I want to know particularly what the good chance is you propose to give me. I am doing tolerably well here; I get $25 a month, with victuals and clothing; have a comfortable home for Mandy (the folks here call her Mrs. Anderson), and the children, Milly Jane and Grundy, go to school and are learning well; the teacher says Grundy has a head for a preacher. They go to Sunday-School, and Mandy and me attend church regularly. We are kindly treated; sometimes we overhear others saying, “Them colored people were slaves” down in Tennessee. The children feel hurt when they hear such remarks, but I tell them it was no disgrace in Tennessee to belong to Col. Anderson. Many darkies would have been proud, as I used to was, to call you master.
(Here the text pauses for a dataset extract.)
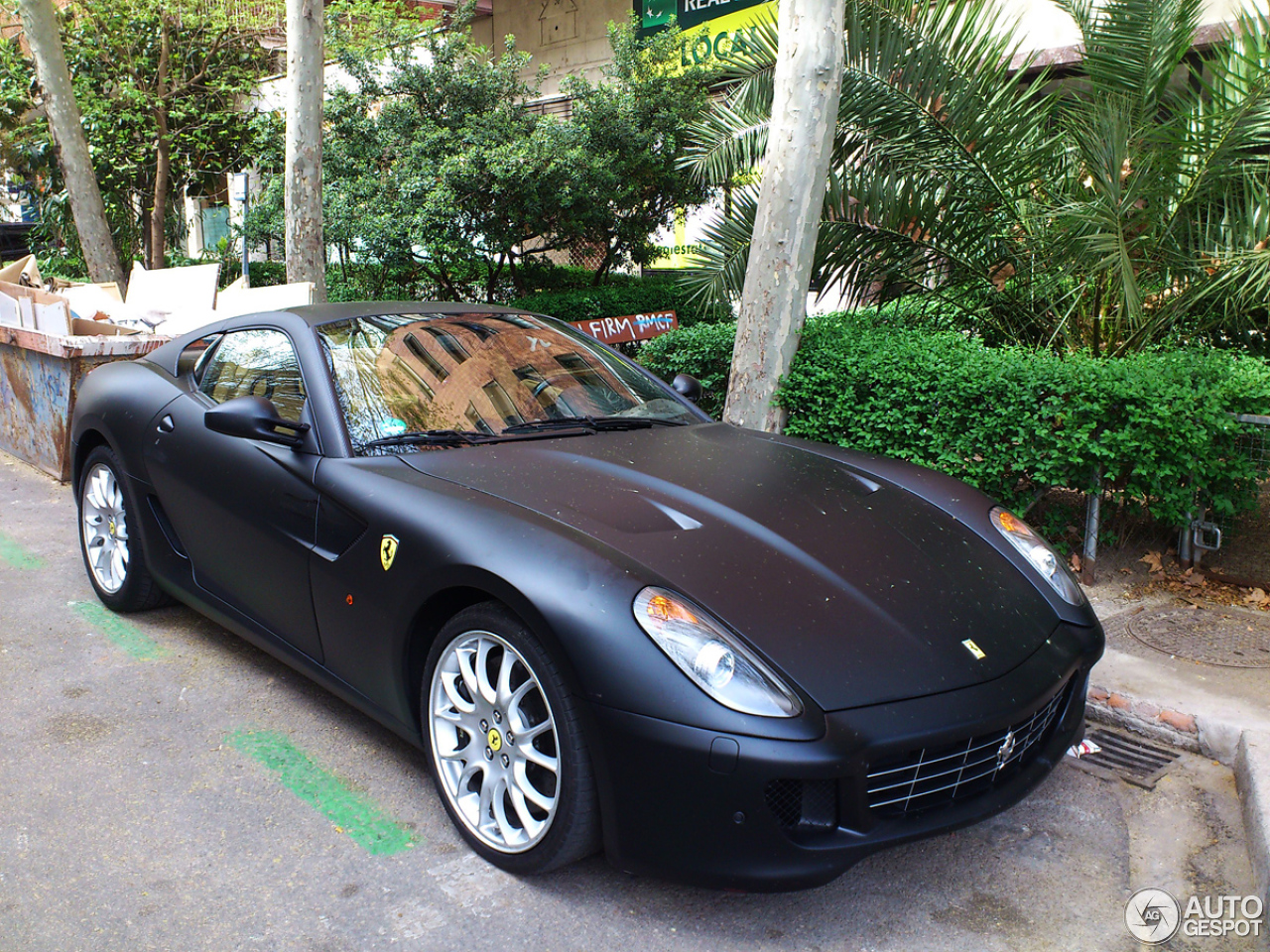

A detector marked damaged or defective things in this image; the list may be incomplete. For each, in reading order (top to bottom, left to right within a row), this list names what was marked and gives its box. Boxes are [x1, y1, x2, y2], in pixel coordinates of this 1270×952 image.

rusty dumpster [0, 325, 169, 480]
Now, if you will write and say what wages you will give me, I will be better able to decide whether it would be to my advantage to move back again.
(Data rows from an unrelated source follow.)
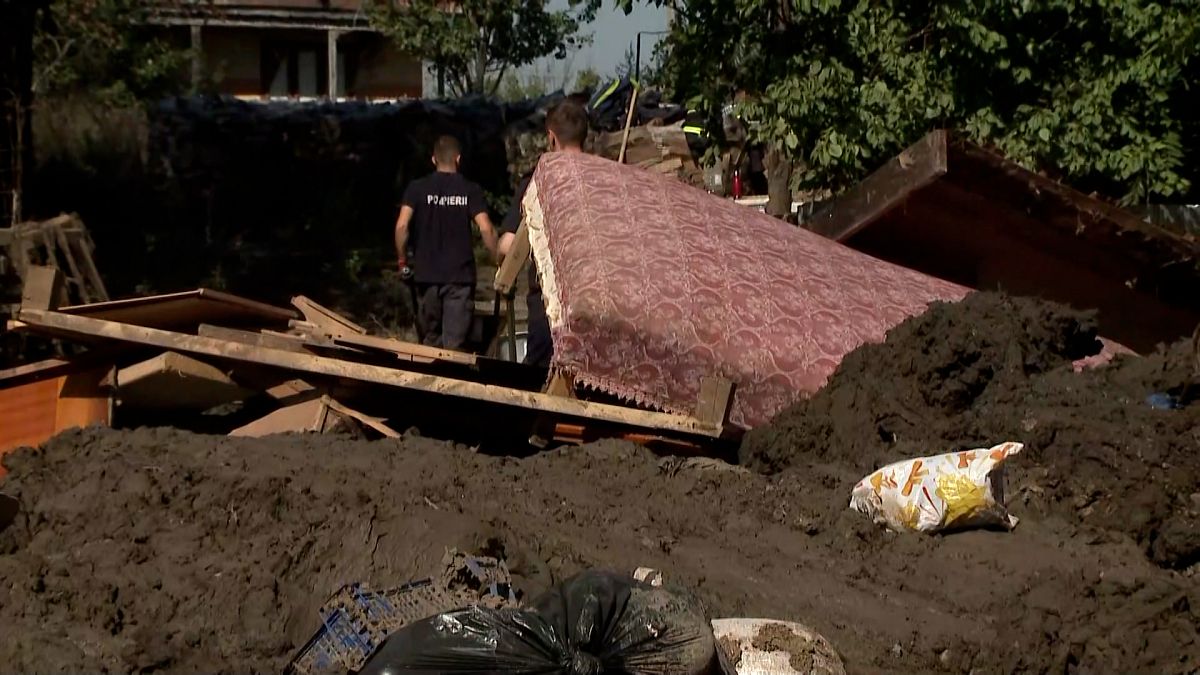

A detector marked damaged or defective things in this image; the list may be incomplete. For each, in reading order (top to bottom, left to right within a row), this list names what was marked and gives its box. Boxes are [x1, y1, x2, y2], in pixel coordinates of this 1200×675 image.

broken wood plank [492, 220, 528, 298]
broken wood plank [21, 266, 63, 314]
broken wood plank [290, 298, 366, 336]
damaged mattress [524, 152, 964, 428]
broken wood plank [117, 354, 251, 412]
broken wood plank [16, 310, 720, 440]
broken wood plank [692, 374, 732, 428] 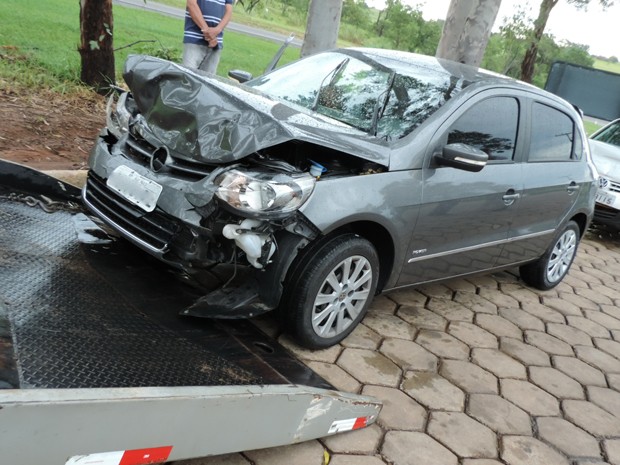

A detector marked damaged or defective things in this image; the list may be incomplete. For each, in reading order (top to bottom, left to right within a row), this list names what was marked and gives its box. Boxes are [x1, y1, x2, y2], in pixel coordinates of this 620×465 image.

broken headlight [105, 92, 131, 139]
crumpled car hood [123, 54, 390, 167]
crumpled car hood [592, 138, 620, 179]
broken headlight [217, 169, 314, 216]
damaged silver car [85, 49, 600, 348]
As to my freedom, which you say I can have, there is nothing to be gained on that score, as I got my free papers in 1864 from the Provost- Marshal- General of the Department of Nashville. Mandy says she would be afraid to go back without some proof that you are sincerely disposed to treat us justly and kindly; and we have concluded to test your sincerity by asking you to send us our wages for the time we served you. This will make us forget and forgive old scores, and rely on your justice and friendship in the future. I served you faithfully for thirty-two years and Mandy twenty years. At $25 a month for me, and $2 a week for Mandy, our earnings would amount to $11,680. Add to this the interest for the time our wages has been kept back and deduct what you paid for our clothing and three doctor’s visits to me, and pulling a tooth for Mandy, and the balance will show what we are in justice entitled to. Please send the money by Adams Express, in care of V. Winters, esq., Dayton, Ohio. If you fail to pay us for faithful labors in the past we can have little faith in your promises in the future. We trust the good Maker has opened your eyes to the wrongs which you and your fathers have done to me and my fathers, in making us toil for you for generations without recompense. Here I draw my wages every Saturday night, but in Tennessee there was never any pay-day for the Negroes any more than for the horses and cows. Surely there will be a day of reckoning for those who defraud the laborer of his hire.

In answering this letter please state if there would be any safety for my Milly and Jane, who are now grown up and both good-looking girls. You know how it was with poor Matilda and Catherine. I would rather stay here and starve, and die if it comes to that, than have my girls brought to shame by the violence and wickedness of their young masters. You will also please state if there has been any schools opened for the colored children in your neighborhood, the great desire of my life now is to give my children an education, and have them form virtuous habits.

P.S.—Say howdy to George Carter, and thank him for taking the pistol from you when you were shooting at me.